Takaichi secures sweeping mandate as LDP wins snap election landslide

Published February 9th, 2026 - 04:53 GMT
Takaichi secures sweeping mandate as LDP wins snap election landslide
Japan's Prime Minister Sanae Takaichi, leader of the ruling Liberal Democratic Party (LDP), speaks during a press conference at the LDP headquarters in Tokyo on February 9, 2026. AFP
Highlights
Seeking to consolidate that momentum, Takaichi dissolved parliament in January, calling the move a “weighty decision” and framing the snap election as a test of public confidence in her leadership

ALBAWABA- Japan’s Liberal Democratic Party (LDP), led by Prime Minister Sanae Takaichi, won a decisive landslide in the snap general election, capturing more than 310 of the 465 seats in the House of Representatives.
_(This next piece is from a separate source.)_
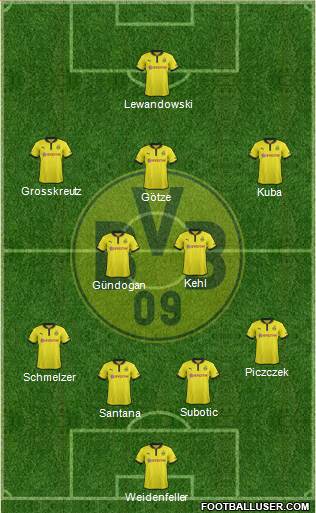 Borussia Dortmund Formation 2013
 The result delivers the LDP its first two-thirds supermajority as a single party since World War II, while the broader ruling coalition secured over 340 seats, granting the government the numbers needed to override upper house objections.

The outcome significantly strengthens Takaichi’s political authority, enabling her to press ahead with long-stalled constitutional revisions and advance her conservative agenda, including expanded defense capabilities, tighter immigration policies, and economic revitalization measures.

 Exit polls had pointed to a decisive victory despite rare winter snowfall that disrupted travel across parts of the country, marking Japan’s first mid-winter general election in 36 years.

Takaichi, Japan’s first female prime minister, took office in October 2025 after winning the LDP leadership race, succeeding Shigeru Ishiba following the party’s earlier loss of its parliamentary majority. She initially governed through a coalition with the Japan Innovation Party, but public support surged to around 70 percent after she pledged tax cuts on essential goods and a renewed economic stimulus package.

Seeking to consolidate that momentum, Takaichi dissolved parliament in January, calling the move a “weighty decision” and framing the snap election as a test of public confidence in her leadership. The strategy paid off, delivering a stable governing majority and reducing reliance on coalition partners that had previously slowed policy implementation.

The opposition, led by the Constitutional Democratic Party, suffered heavy losses and secured fewer than 100 seats, hampered by internal divisions and a short campaign period.

The scale of the victory amounts to a clear mandate for her assertive foreign policy and domestic reform agenda, potentially reshaping Japan’s political trajectory at a time of heightened regional uncertainty.